MR HARGREAVES (Brindabella—Minister for Disability, Housing and Community Services, Minister for Urban Services and Minister for Police and Emergency Services) (4.28): I would like to address a couple of things that Cassius Clay over there said. “I am the greatest.” He ain’t the greatest. He would not know commonsense from clay, as I have said once before today. Mr Pratt talks about the Productivity Commission’s report and the annual reports. He picks numbers out of a bucket of water and sand, I have to say, and sometimes models it into some sort of prefabricated ceramic doll. Out of that, no-one understands quite what it is he is talking about.

We will give you some indication about policing figures. He does not acknowledge that annual reports are taken in a snapshot in time, like 30 June; that the Productivity Commission’s report has taken two figures at either end and divided them by two; and that neither of them takes into account the full year effect trend. If Mr Pratt had any common courtesy, he would stop denigrating the police and recognise the fact that, over the Christmas period, there were over 800 officers in fact employed within the ACT. But that escapes that man. Sometimes I wonder which has more intelligence, a bucket of sand and water or my colleague across the chamber. I suspect in favour of the bucket of water and sand.

Mr Pratt talks about the trend in volunteer recruiting reversing. This bloke is good at the emotive language. He talks about serious neglect; he talks about having trouble with retention. The fact is that every time he goes near the media he bags the ESA. Nobody would want to go in under the glare of the smoking, flaming mouth of that particular man over there. He is likely to go down there, pop up in their corridors and shout at them. We just cannot have that.

He talks about the CFU volunteers. “The roll out has stalled.” He does not say, “I wonder what there might be difficulties in. Do we have training places available for them? Do we have the infrastructure to support them? Do we have the PPE to support them? Do we have the equipment to support them? Do we have the trained leadership? Do we have the management and training in place for these people, the quantities?” No, he forgets about all that.

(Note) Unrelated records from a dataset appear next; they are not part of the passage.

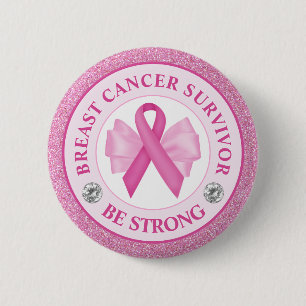 Breast Cancer Awareness Ribbon Survivor 6 Cm Round Badge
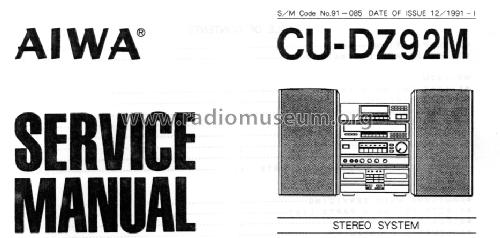 Stereo System CU-DZ92M; Aiwa Co. Ltd.; Tokyo (ID = 1677279) Radio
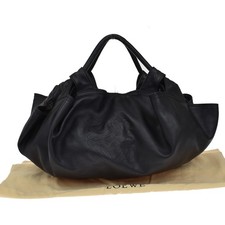 LOEWE Anagram Logo Nappa Aire Hand Bag Leather Black SHW Spain 83YH705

Did he bother to credit people like Garth Brice with coming up with another model that needs checking out, which we have agreed to do, so that we can have more units out there than just particular CFUs? Has Mr Pratt decided whether or not efficacy is a good thing out there? No, he has not, because he would not know a CFU from a bucket of clay; he just would not know.

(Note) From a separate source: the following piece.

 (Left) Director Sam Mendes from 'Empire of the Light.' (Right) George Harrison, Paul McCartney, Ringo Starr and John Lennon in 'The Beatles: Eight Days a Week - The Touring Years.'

He talks about the government’s predicted deficit, he talks about our deficit, and says, “You cannot pay for it because you have got a massive deficit.” He is the same bloke who has the confidence of the Leader of the Opposition mark 1—or is it 2, maybe 3. Hang on a second, it is mark 1. I was going to think of him as the straw man but, no, he might be a clay man. Mr Pratt over there is advising this bloke, saying, “Yes, go for it, Brendan; we will borrow $600 million or we will guarantee a 7.5 per cent return up front every month.”